当たり前ですが大人の世界でもこのことは大切です。さらに言えば子供は大人を見て育つ部分があるのですから、教育面から見てもまず大人は心魂をもって範を示す必要があるようです。

 例えば会社でも地域社会でもどのような場においても相手が何かミスをして叱る時にも感情任せに怒鳴るのではなく、きちんと理由を説明する、もし何か文句があるならば、こそこそと悪口を言うのではなく、誠実に堂々と意見を述べる、大人がこの様にお互いに尊敬の念を持ちながらも、自分の仕事や役割を果たし、自己主張する姿を子供に見せるということは百万語の言葉を使うよりも効果があるでしょう。
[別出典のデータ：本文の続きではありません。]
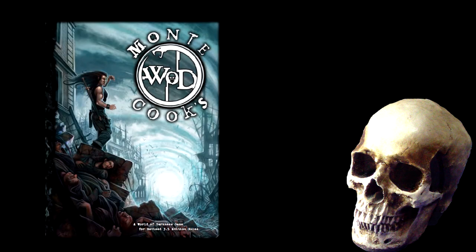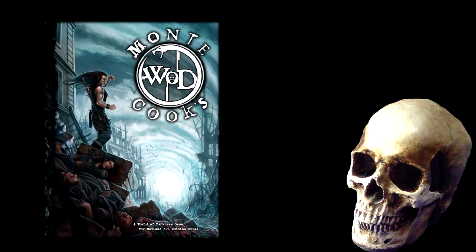For example, Dungeons & Dragons 3.5 and Monte Cook's World of Darkness. In Monte Cook's World of Darkness, you have a race and that's it. You don't have anything else beyond that.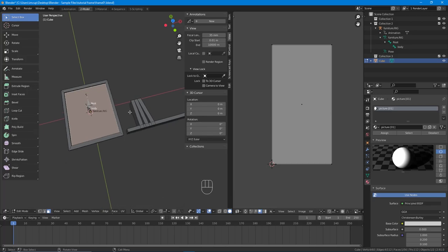Hello and welcome back to the continuation of our tutorial for this picture frame for IMBU. In this video we are going to continue with the creation of the UV unwrap and UV mapping of our frame and bookshelf.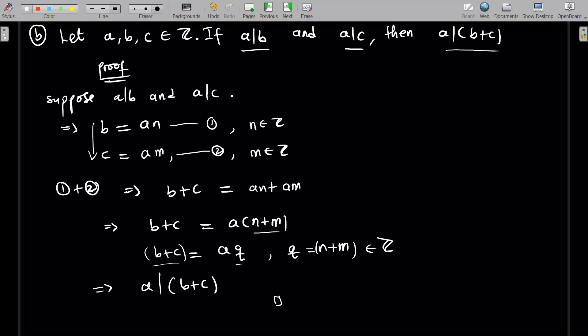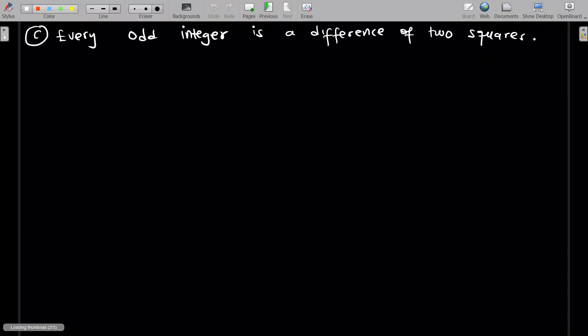So it's just — direct proof is just using what you have to deduce the ending result, and that is the proof. Let's talk about the last problem, which I think is going to be fun. Every odd integer is a difference of two squares. So this is just a statement, and I want to show that this is true. So what do I do? I'm just going to go directly by looking at some odd integers. Let's look at a proof here.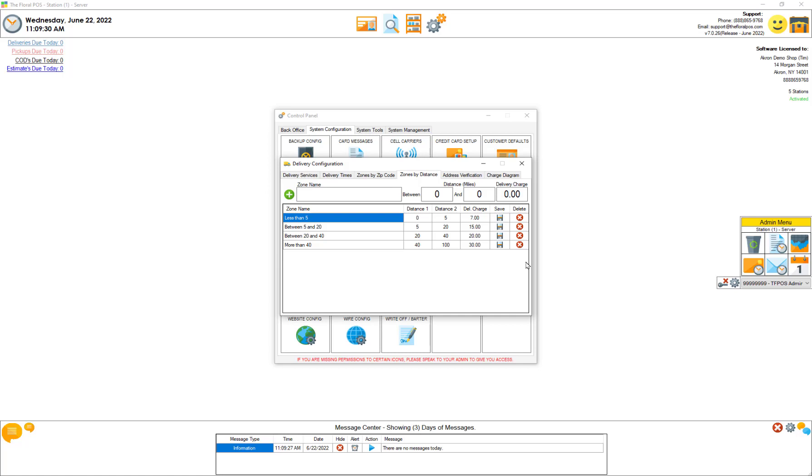And that's zones by distance inside the Floral POS. If you guys have any questions give us a call at 888-865-9768 or you can always use your smiley face up on the upper right hand side to send feedback. Thanks guys, we'll see you in the next one.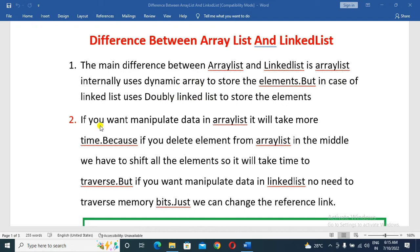The next point is, if you want to manipulate data in ArrayList, it will take more time. Because if you delete an element from the ArrayList in the middle, we have to shift all the remaining elements, so it will take time to traverse.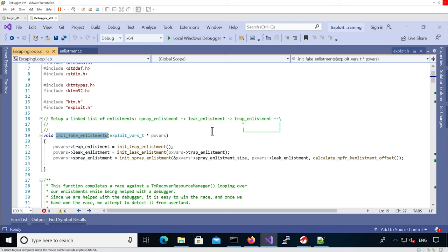The chain of fake userland enlistments starts with the spray enlistment, which we use for replacing the free chunk before triggering the use-after-free — the one we spray using name pipes. Then we have the leak enlistment, which is used to leak kernel pointers. This has been added compared to previous labs and will allow us to leak kernel addresses to userland in order to escape the loop. Finally we have the trap enlistment, which makes sure the kernel is stuck and doesn't crash. All three enlistments are initialized by calling three different functions, all defined in enlistment.c.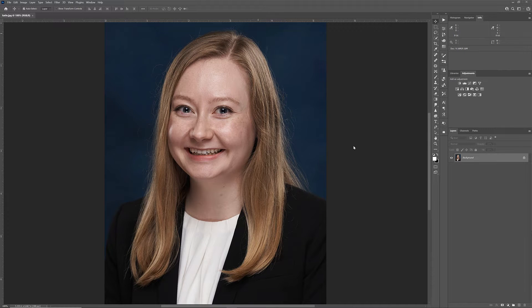Hey everyone, Michael Mowbray here. I just downloaded the brand new version of Portrait Pro, version 23.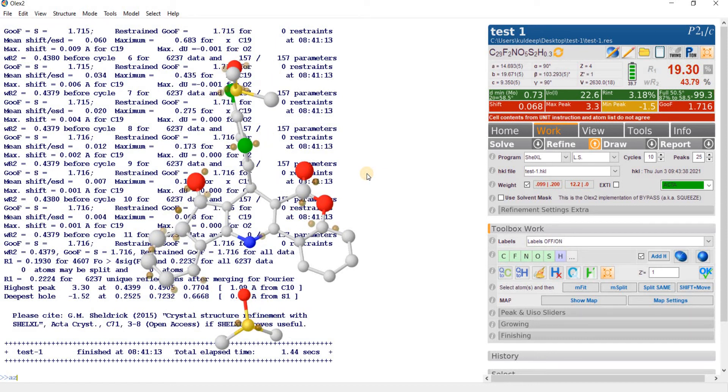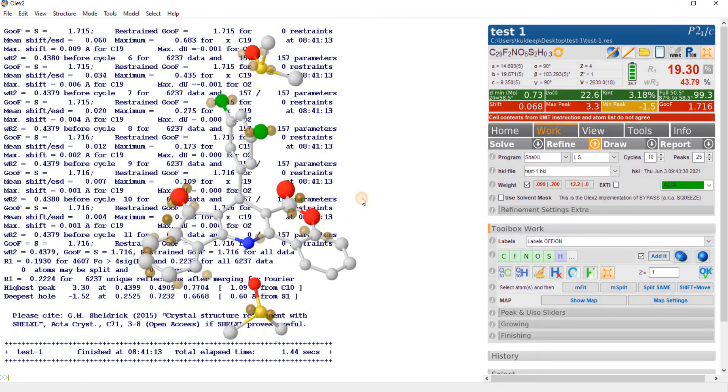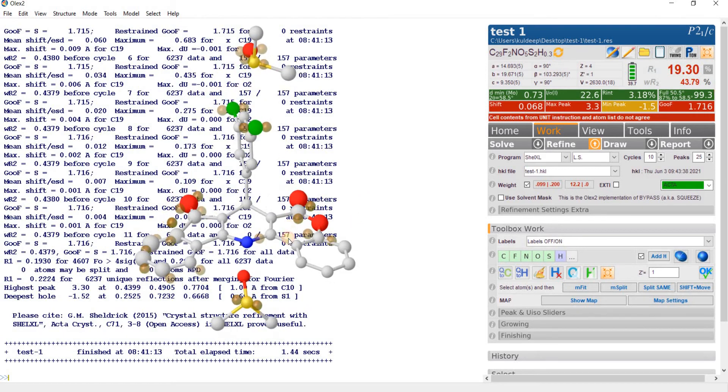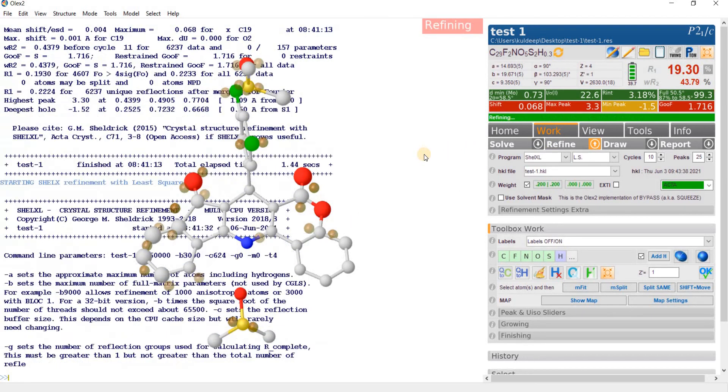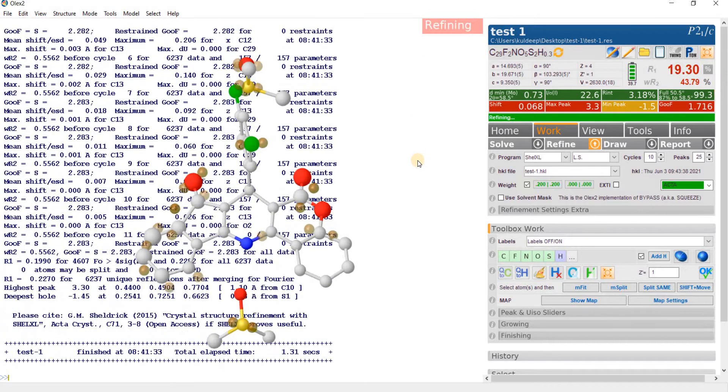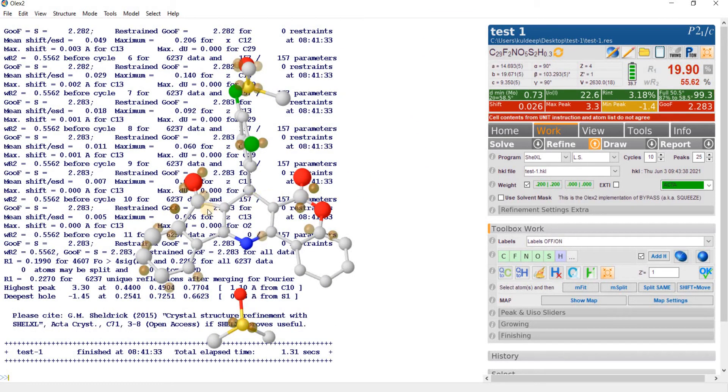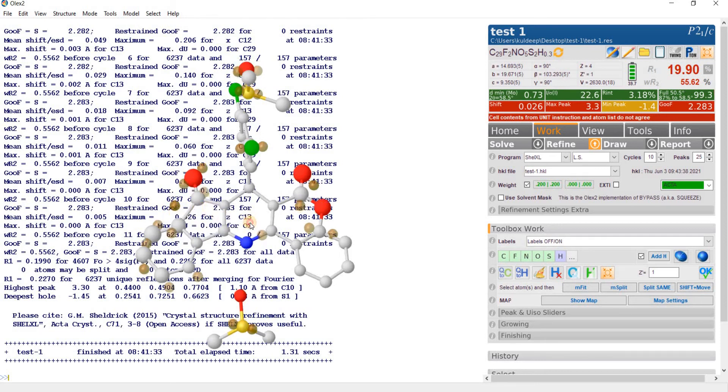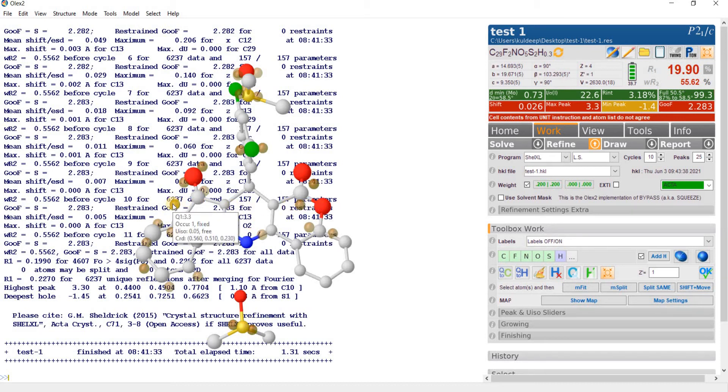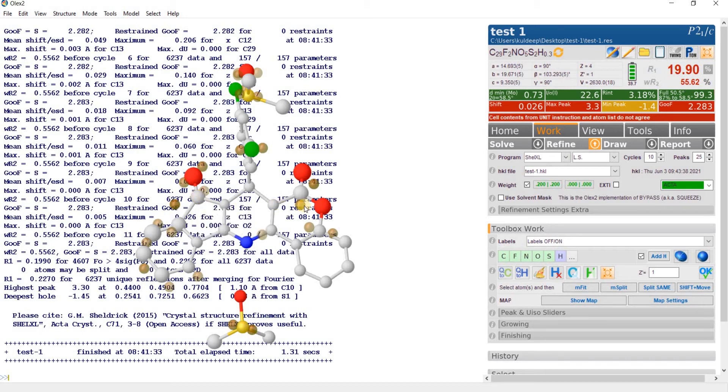If you carefully look at the Q peak intensity, you are getting a number of Q peaks around the 5 and the 6 member ring. If you carefully observe the highest Q peak Q1, then you will find that this oxygen atom O3 in part is appearing on Q1 and this atom C9 in part is appearing on the Q peak Q9.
それと同時に人生を楽しんだり、生き抜きをする姿も見せることも大事でしょう。そうじゃないとパンクしちゃいます。時には弱みを見せることも大事かもしれません。誰も完璧でないのですし、悩んだり苦しんだりします。だって人間damono。鉄腕アトムやあるまいし、常に清く正しく前向きには生きられません。

 後テクニック的な事を言うと良い所を見つけてとにかく褒めるというのが教育において大事なのかと思います。相手の悪い面ではなく積極的に良い面を探すという態度を大人が示すことで、子供も自然とその態度を習うようになれば御の字です。

 子供に対して(の前で)、あんたは○○だから、あの人は××だから、と決めつけるのもどうかと思います。相手がそれを聞いて傷つくかどうかも重要な問題ですが、その他に大人が無自覚に他人をある型にはめ込むことにより、子供も他人に対してそうしていいのかと思って、真似をする可能性もあります。

 あの人は日本人だから、外国人だから、女だから、男だから、巨乳アイドルだから、大学教授だから、虚弱体質だから、筋肉馬鹿だから等々その個人を深く知るのではなく、ある一定の類型、ステレオタイプをもって他人や自分をとらえるということには、特に無自覚でする場合には、ある一定の危険性があります。その危険性を伝えずにそういったもの言いをすることは注意が必要なように感じます。自分が偏見をもっていることを自覚して、それを公言しながら言うなら倫理的には多少ましかと思いますが(よほど明確に人を傷つける意図がなければ)、その場合は「ああ、あの人はあんな人なんだな。」という偏見を持たれる可能性はあります(笑)。言う側も受け取る側も人間の一面性だけを見るのではなく、多面的に見る姿勢の大切さを伝えていくことも教育の大きな柱かもしれません。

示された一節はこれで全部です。